Material provided:
──────────
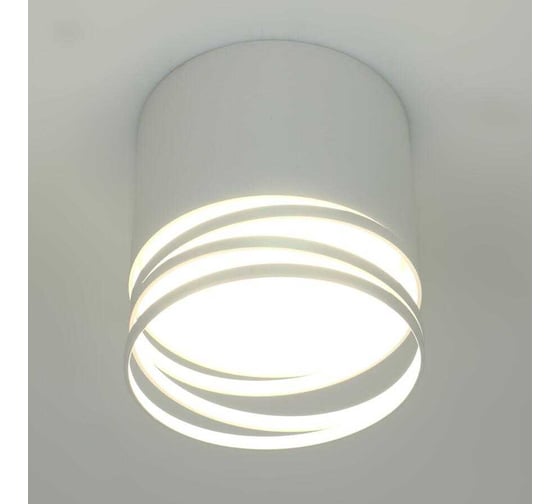 Светильник спот накладной General Lighting Systems Спираль D82х85мм GWL-GX53-M-IP20, под лампу GX53 до 50 Вт 661715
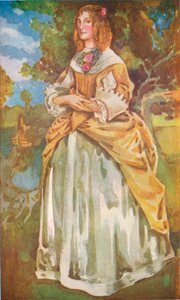 Een vrouw uit de tijd van Jacobus II, 1907 door Dion Clayton Calthrop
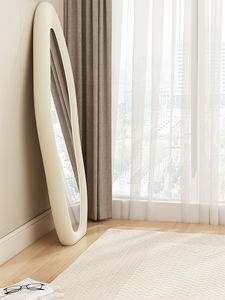 Espejo de cuerpo entero moderno de cristal con diseño de nubes crema para dormitorio y sala de estar, ideal para tiendas de <span class=keywords><strong>ropa</strong></span> de celebridades en línea, modelo <span class=keywords><strong>Mango</strong></span> Dressed Mirror - Product Image 4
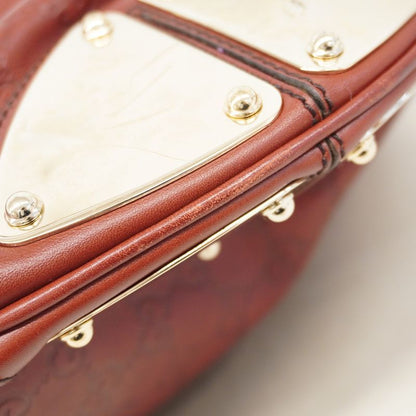 Gucci Handbag Guccissima Horsebit 177088 Leather Bordeaux Chien Pan Gold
──────────
What is expected:
The pictures alone are to be left out when the data above is copied; all else must match exactly.

Answer box:
 Светильник спот накладной General Lighting Systems Спираль D82х85мм GWL-GX53-M-IP20, под лампу GX53 до 50 Вт 661715
 Een vrouw uit de tijd van Jacobus II, 1907 door Dion Clayton Calthrop
 Espejo de cuerpo entero moderno de cristal con diseño de nubes crema para dormitorio y sala de estar, ideal para tiendas de <span class=keywords><strong>ropa</strong></span> de celebridades en línea, modelo <span class=keywords><strong>Mango</strong></span> Dressed Mirror - Product Image 4
 Gucci Handbag Guccissima Horsebit 177088 Leather Bordeaux Chien Pan Gold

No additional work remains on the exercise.